[Stored dataset items]
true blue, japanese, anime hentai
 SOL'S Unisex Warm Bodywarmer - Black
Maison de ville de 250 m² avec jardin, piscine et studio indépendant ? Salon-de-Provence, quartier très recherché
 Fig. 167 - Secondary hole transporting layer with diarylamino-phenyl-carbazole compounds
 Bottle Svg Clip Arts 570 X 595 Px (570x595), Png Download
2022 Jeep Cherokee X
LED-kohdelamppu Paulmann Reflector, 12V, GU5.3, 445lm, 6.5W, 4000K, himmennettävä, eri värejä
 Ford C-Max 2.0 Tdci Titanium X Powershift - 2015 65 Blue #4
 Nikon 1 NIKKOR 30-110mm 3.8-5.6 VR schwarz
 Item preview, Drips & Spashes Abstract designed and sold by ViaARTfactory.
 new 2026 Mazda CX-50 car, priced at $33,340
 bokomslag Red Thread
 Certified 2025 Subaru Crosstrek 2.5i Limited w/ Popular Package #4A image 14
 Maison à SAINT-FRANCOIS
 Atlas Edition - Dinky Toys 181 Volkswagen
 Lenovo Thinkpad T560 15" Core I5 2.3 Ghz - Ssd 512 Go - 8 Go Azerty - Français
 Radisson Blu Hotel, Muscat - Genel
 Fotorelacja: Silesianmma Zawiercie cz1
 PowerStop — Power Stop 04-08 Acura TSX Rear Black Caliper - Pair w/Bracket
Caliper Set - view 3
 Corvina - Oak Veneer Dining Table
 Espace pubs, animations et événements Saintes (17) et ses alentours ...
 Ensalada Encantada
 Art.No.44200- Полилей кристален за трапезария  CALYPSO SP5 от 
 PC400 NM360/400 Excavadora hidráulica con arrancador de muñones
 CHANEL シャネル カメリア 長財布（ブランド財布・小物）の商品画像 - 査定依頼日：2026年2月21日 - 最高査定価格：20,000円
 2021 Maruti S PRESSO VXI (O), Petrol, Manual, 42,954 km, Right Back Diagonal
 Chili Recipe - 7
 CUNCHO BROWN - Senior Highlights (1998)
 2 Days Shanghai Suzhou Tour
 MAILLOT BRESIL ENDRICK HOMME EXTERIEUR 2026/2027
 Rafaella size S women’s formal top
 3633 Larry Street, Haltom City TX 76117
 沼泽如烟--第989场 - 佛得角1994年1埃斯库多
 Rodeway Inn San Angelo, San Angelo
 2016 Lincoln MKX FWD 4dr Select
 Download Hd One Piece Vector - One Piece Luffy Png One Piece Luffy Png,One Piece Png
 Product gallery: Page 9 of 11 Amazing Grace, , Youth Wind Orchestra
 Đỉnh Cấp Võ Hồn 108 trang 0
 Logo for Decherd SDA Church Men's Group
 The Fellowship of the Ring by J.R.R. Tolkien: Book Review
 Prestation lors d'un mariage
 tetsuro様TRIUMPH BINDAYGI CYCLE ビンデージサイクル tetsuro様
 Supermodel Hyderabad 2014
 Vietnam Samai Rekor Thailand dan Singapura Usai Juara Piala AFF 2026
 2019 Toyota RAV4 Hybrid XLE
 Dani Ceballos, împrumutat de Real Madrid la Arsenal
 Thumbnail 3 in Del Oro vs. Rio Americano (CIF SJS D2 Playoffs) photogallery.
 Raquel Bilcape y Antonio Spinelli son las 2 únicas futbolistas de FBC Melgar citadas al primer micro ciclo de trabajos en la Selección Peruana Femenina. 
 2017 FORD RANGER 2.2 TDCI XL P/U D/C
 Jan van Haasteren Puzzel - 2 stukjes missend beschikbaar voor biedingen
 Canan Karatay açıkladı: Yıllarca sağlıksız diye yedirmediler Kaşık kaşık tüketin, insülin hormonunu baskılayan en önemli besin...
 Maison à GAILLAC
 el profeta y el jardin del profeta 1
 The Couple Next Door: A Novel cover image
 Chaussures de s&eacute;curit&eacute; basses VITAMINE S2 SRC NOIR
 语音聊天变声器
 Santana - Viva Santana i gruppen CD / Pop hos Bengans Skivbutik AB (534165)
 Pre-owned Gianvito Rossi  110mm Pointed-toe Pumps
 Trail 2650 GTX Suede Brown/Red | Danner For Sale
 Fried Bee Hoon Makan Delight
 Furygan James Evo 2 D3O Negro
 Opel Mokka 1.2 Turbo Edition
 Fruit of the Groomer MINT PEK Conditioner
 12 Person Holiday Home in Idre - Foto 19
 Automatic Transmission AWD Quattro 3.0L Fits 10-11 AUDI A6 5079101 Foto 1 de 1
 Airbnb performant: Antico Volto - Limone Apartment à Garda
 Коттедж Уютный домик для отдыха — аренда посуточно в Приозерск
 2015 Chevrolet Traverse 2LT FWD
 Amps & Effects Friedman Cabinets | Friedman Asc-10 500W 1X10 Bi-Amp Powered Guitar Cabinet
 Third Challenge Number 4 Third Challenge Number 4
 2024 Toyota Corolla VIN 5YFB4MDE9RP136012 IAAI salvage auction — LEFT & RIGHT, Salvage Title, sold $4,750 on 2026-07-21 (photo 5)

• **Assignment**: The answer is the lines above between the line holding "SOL'S Unisex Warm Bodywarmer - Black" and the line holding "CHANEL シャネル カメリア", inclusive, each written out exactly, and no others.

• **Result for this task**:
 SOL'S Unisex Warm Bodywarmer - Black
Maison de ville de 250 m² avec jardin, piscine et studio indépendant ? Salon-de-Provence, quartier très recherché
 Fig. 167 - Secondary hole transporting layer with diarylamino-phenyl-carbazole compounds
 Bottle Svg Clip Arts 570 X 595 Px (570x595), Png Download
2022 Jeep Cherokee X
LED-kohdelamppu Paulmann Reflector, 12V, GU5.3, 445lm, 6.5W, 4000K, himmennettävä, eri värejä
 Ford C-Max 2.0 Tdci Titanium X Powershift - 2015 65 Blue #4
 Nikon 1 NIKKOR 30-110mm 3.8-5.6 VR schwarz
 Item preview, Drips & Spashes Abstract designed and sold by ViaARTfactory.
 new 2026 Mazda CX-50 car, priced at $33,340
 bokomslag Red Thread
 Certified 2025 Subaru Crosstrek 2.5i Limited w/ Popular Package #4A image 14
 Maison à SAINT-FRANCOIS
 Atlas Edition - Dinky Toys 181 Volkswagen
 Lenovo Thinkpad T560 15" Core I5 2.3 Ghz - Ssd 512 Go - 8 Go Azerty - Français
 Radisson Blu Hotel, Muscat - Genel
 Fotorelacja: Silesianmma Zawiercie cz1
 PowerStop — Power Stop 04-08 Acura TSX Rear Black Caliper - Pair w/Bracket
Caliper Set - view 3
 Corvina - Oak Veneer Dining Table
 Espace pubs, animations et événements Saintes (17) et ses alentours ...
 Ensalada Encantada
 Art.No.44200- Полилей кристален за трапезария  CALYPSO SP5 от 
 PC400 NM360/400 Excavadora hidráulica con arrancador de muñones
 CHANEL シャネル カメリア 長財布（ブランド財布・小物）の商品画像 - 査定依頼日：2026年2月21日 - 最高査定価格：20,000円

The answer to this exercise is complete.